Superbowl ads vs "The Big Game"

Superbowl tv ads commonly use the words “The Big Game” instead of saying the words “Super Bowl”. This was famously parodied last year in a Seth Rogen commercial for Samsung:

But after thinking about it, this makes no sense. Not just in a “that trademark law is crazy” way, but in a “wait, it clearly can’t be true” way.

Example: the pre-announcement of this year’s Victorias Secret superbowl commercial (http://vsallaccess.victoriassecret.com/2015/01/21/look-whos-coming-to-the-big-game/ – link is actually safe for work, no lingerie in it)

  1. Although the video says “The Big Game” instead of “superbowl”, all the other words on the page clearly say super bowl. So why is it ok to say super bowl in words but not in video?
  2. Victorias Secret is actually paying $4.5 million to show that 30 second commercial during the superbowl.
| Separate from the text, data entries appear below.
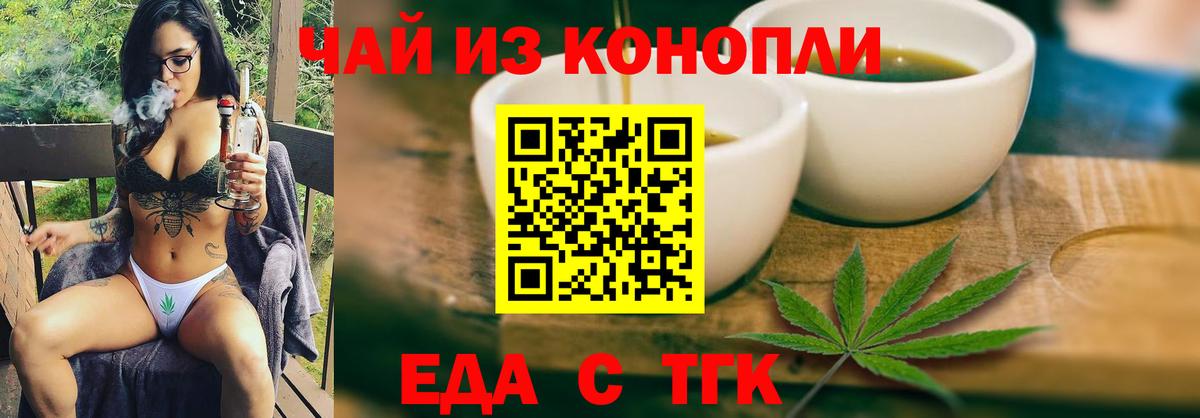 Великий Новгород  Еда ТГК марихуана  Вход с VPN 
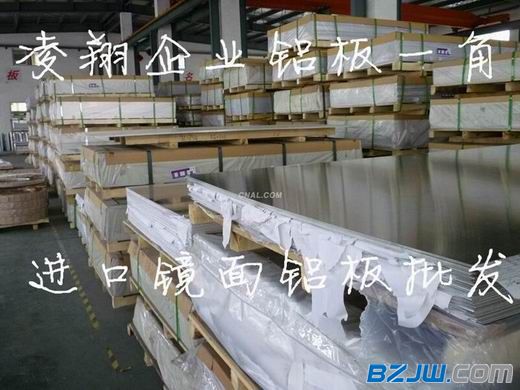 鋁行業一周要聞回顧（520-524）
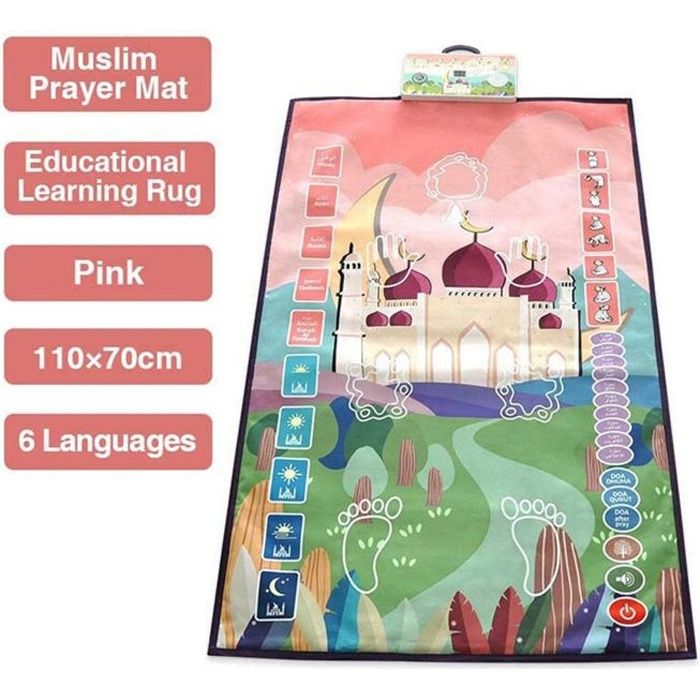 Coran Islam Musulman Tapis de priere interactif ,tapis priere ,tapis de priere  enfant interactifs,tapis de priere avec coran-rouge - Cdiscount Maison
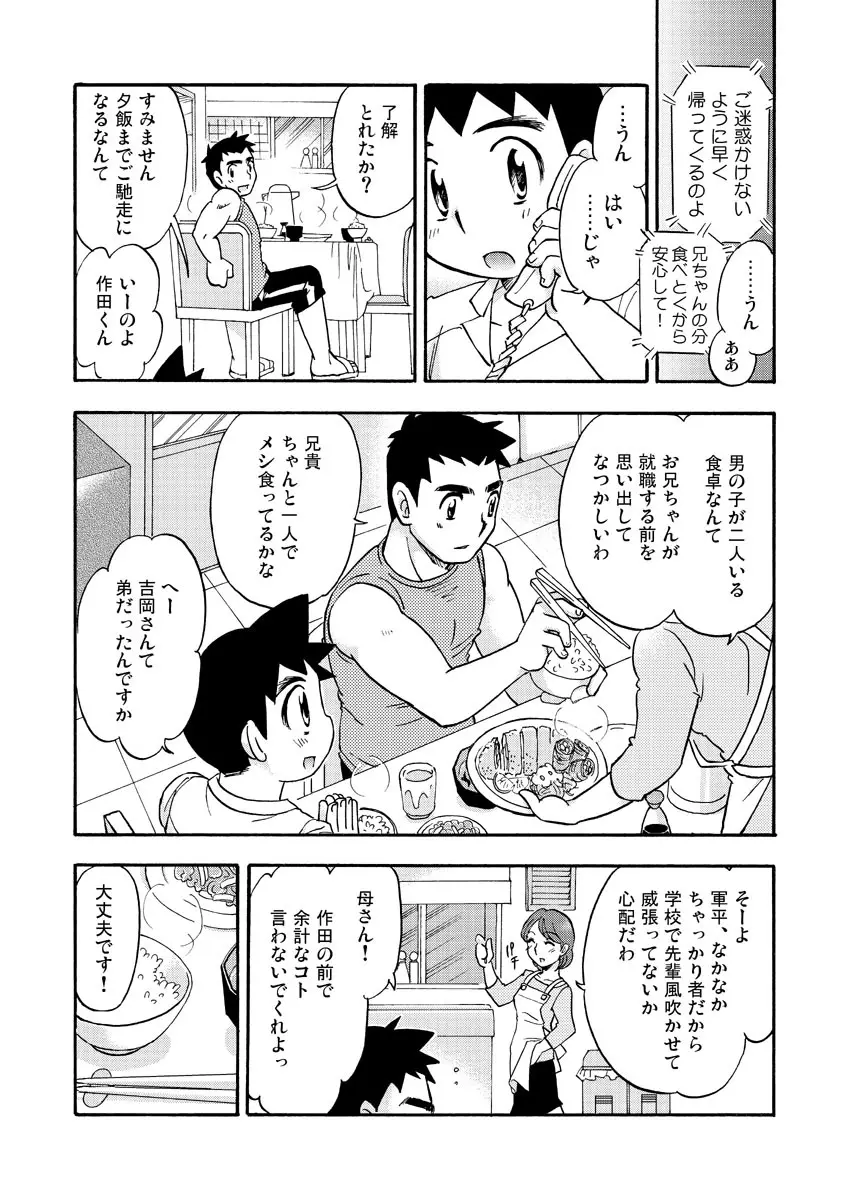 続・白帯文太郎 Page.18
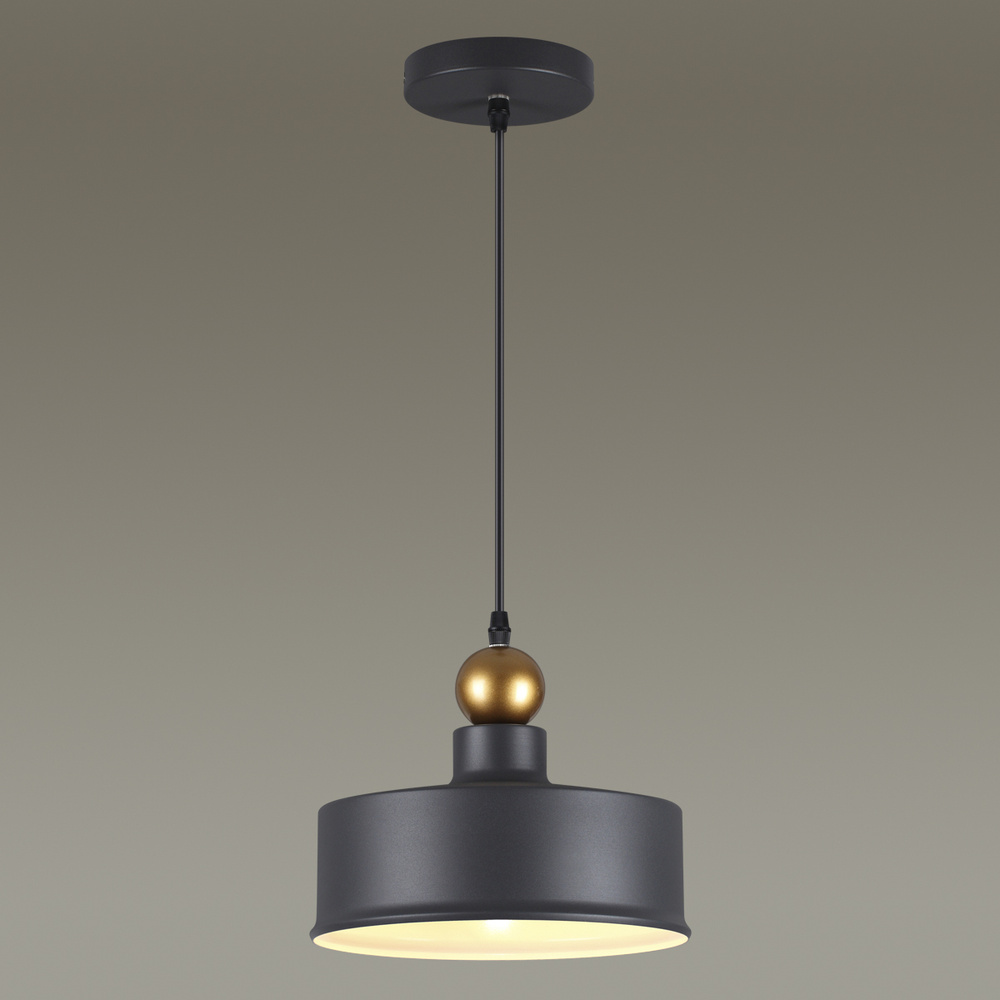 Подвесной светильник в стиле лофт на кухню, Е27, серый #1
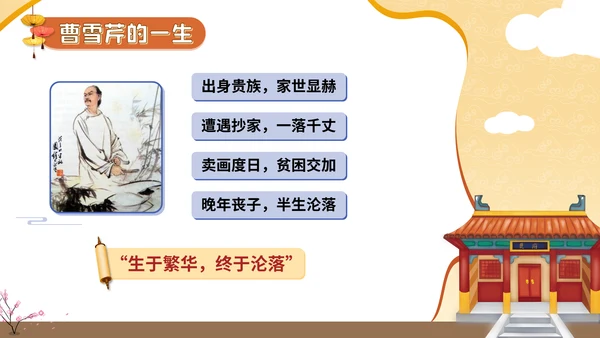 《红楼梦》大观园曹雪芹通用PPT模板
Surely, part of that $4.5 million includes licensing the right to say the name of the TV show you’re showing your commercial on, no?

Point #1 particularly confuses me. Victorias Secret apparently can’t use the word “superbowl” in the commercial (which they are paying to show in the superbowl) but they can use the word superbowl dozens of times all over their web page?

Anybody able to explain the apparent contradiction?

Let’s move this over to the Game Room.

Colibri
General Questions Moderator

This is a factual question about us trademark law. Don’t move it to the game room. Keep it in GQ.

  1. Having it in the Game Room does not preclude factual answers.

  2. Since the question of how trademark applies to the Super Bowl has been discussed here before, I think you are more likely to get a good answer here.

If it turns out that you don’t, I’ll consider moving it back.

The terms of the license aren’t necessarily all or nothing. They may have chosen to use “big game” in some places even when they were licensed to use Super Bowl. They may have also shot the video to be used in additional places where the terms of the licensing didn’t cover the trademark.

The NFL controls the trademark and the licensee uses it as they see fit within the allowable uses.

Nitpick: There is no such thing as “superbowl”; one word, whether capitalized or not. The NFL trademarked thingy is the Super Bowl; two words, each capitalized.

I’m not a trademark expert but I’m not aware of an actual court case on the subject. I suspect that most avoid saying “Super Bowl” and instead use terms like “the big game” just because the NFL is extremely trigger-happy with their cease-and-desist letters. I’d like to see a company actually take them on and go to court over the issue, but I doubt we’ll ever see a company decide it’s worth it.

Didn’t the NFL try to trademark “The Big Game” as well, for advertisement control reasons, only to be told that the Cal-Stanford football game had been using that name since long before there was ever a Super Bowl?

Besides - advertisers could just use other names. I have seen “Football Final” and “Pro Football Championship” used in ads, usually for contests where the prize was a trip to the game.

As for “saying it but not displaying it,” I have seen something similar; on an episode of the Clerks animated TV series, they could say “Little League”, but all of the signs had to say “Junior Big League”.